As for Caden, he was most impressed with the H. & B.T. 316 red caboose that we visited. We climbed the stairs to the rear of the caboose and when we entered we saw a small stove that was used to keep the train crew warm in the winter as well used for cooking. Next to the stove was a place to store coal which was used as fuel for the stove. In the center of the caboose was a cupola with windows where the crew could sit in order to see both directions when the train was in motion. The seats were padded and there were wooden shutters on the windows.

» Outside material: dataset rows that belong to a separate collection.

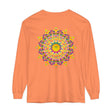 Colorful psychedelic mandala long sleeve t-shirt with intricate geometric design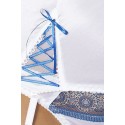 PASSION ELENI CORSET BLANCO & AZUL S/M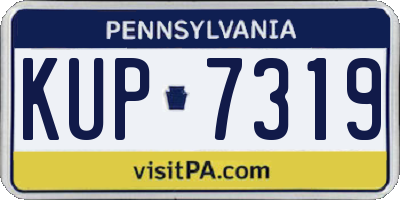PA license plate KUP7319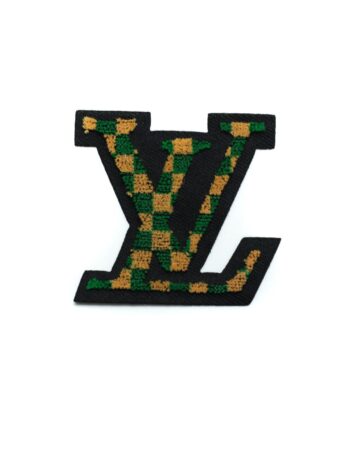 Pattern L smooth chenille iron on patches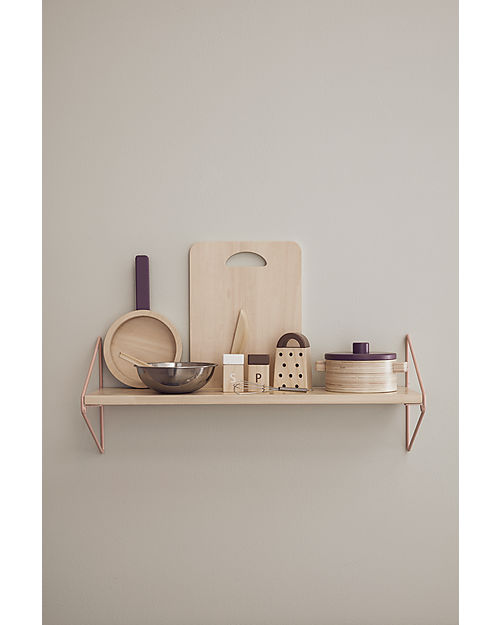 Kid's Concept Set di Pentole Giocattolo - Legno - 10 Pezzi - Tutti a tavola! Cucine Giocattolo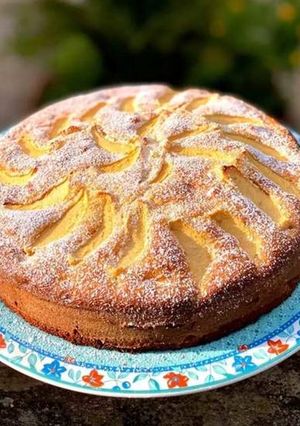 Una foto de Tarta de manzanas y queso mascarpone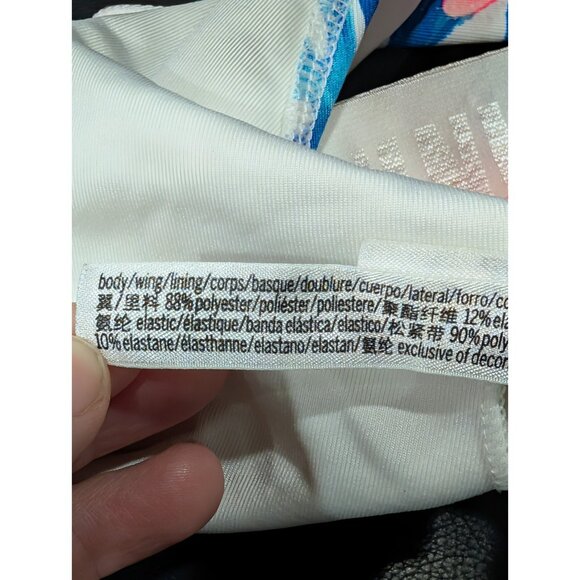 Victoria's Secret Pink Sports Bra Womens Sz Large Ultimate Unlined Floral - Picture 9 of 13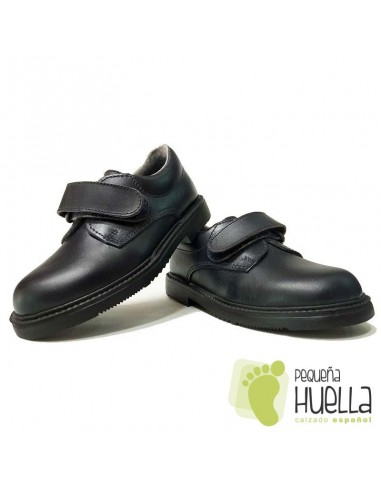 Comprar Zapato Colegial para Niños con Velcro Baratos Azul Marino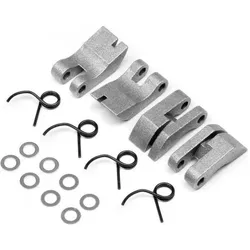 HPI Aluminium Quadra Kupplungsbacken / Federn Set Savage XL Octane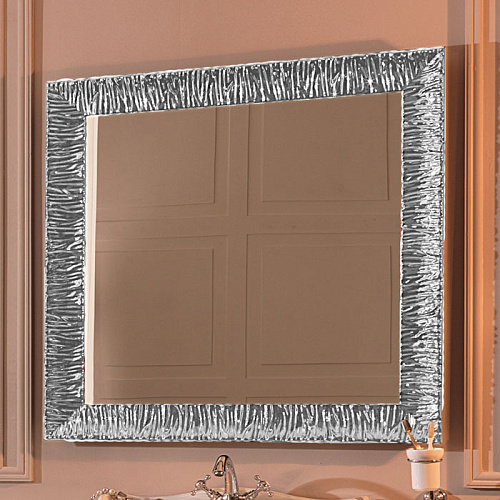 Зеркало 100x100 см Kerasan Retro 7364 02 цвет серебро состаренное снят с производства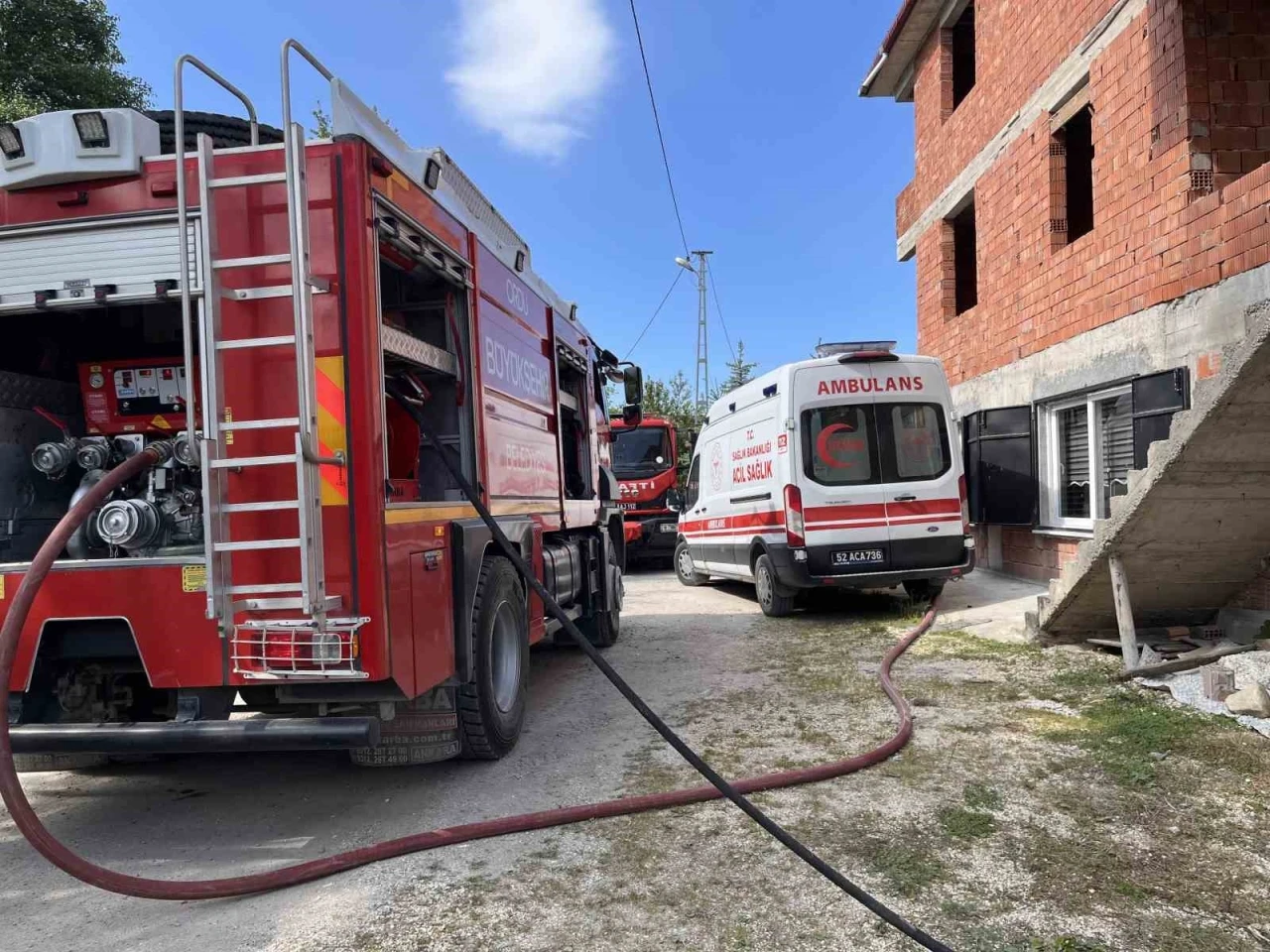 Ordu&rsquo;da samanlık yangını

|Caden changing the signal lights. It is set to STOP at present|
with up and down meaning PROCEED and the three lights on
a diagonal meaning PROCEED WITH CAUTION.
|Entrance to underneath Engine #1187 was on the other side.|
|The belly of #1187|
|Engineer Caden in the 1963 General Electric engine #4465.|
A few of my favorite moments at the museum were viewing some of the displays that were interspersed among the engines and cars. The following photos will show you some of the displays:
|How they made repairs to the tracks.|
|Transporting perishables and cold goods.|
|This was one of two horse-drawn hearse's that were on display.|
|Extremely well-restored horse-drawn Dairy wagon.|
The final two engines that I enjoyed were the Baldwin Locomotive Works #20 which was made in Philadelphia and the 1939 replica John Bull engine which was made for the 1940 World's Fair in New York. The Pennsylvania Railroad constructed the John Bull in the Juniata, PA shops and it also made an appearance at the 1948 Chicago Railroad Fair before finally arrived in Strasburg in 1970 for restoration. It since then has appeared at rail gatherings from California to British Columbia. The original John Bull is housed in the Museum of American History in Washington, DC and was last operated 35 years ago. Both engines remind me of the glory days of railroading in the United States. Can't you just see either one of them puffing along the tracks in the countryside? It was another extraordinary day in the life of an ordinary guy.